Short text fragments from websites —
----

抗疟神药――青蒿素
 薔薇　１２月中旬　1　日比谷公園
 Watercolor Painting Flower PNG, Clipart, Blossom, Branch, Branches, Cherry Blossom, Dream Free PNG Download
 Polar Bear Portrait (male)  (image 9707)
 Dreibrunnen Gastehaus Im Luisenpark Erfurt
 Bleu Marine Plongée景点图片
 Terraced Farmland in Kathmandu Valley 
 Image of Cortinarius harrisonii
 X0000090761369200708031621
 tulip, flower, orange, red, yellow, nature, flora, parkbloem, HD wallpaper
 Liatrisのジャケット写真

----

Problem details —
Reprint every entry exactly.

Finished exercise —
抗疟神药――青蒿素
 薔薇　１２月中旬　1　日比谷公園
 Watercolor Painting Flower PNG, Clipart, Blossom, Branch, Branches, Cherry Blossom, Dream Free PNG Download
 Polar Bear Portrait (male)  (image 9707)
 Dreibrunnen Gastehaus Im Luisenpark Erfurt
 Bleu Marine Plongée景点图片
 Terraced Farmland in Kathmandu Valley 
 Image of Cortinarius harrisonii
 X0000090761369200708031621
 tulip, flower, orange, red, yellow, nature, flora, parkbloem, HD wallpaper
 Liatrisのジャケット写真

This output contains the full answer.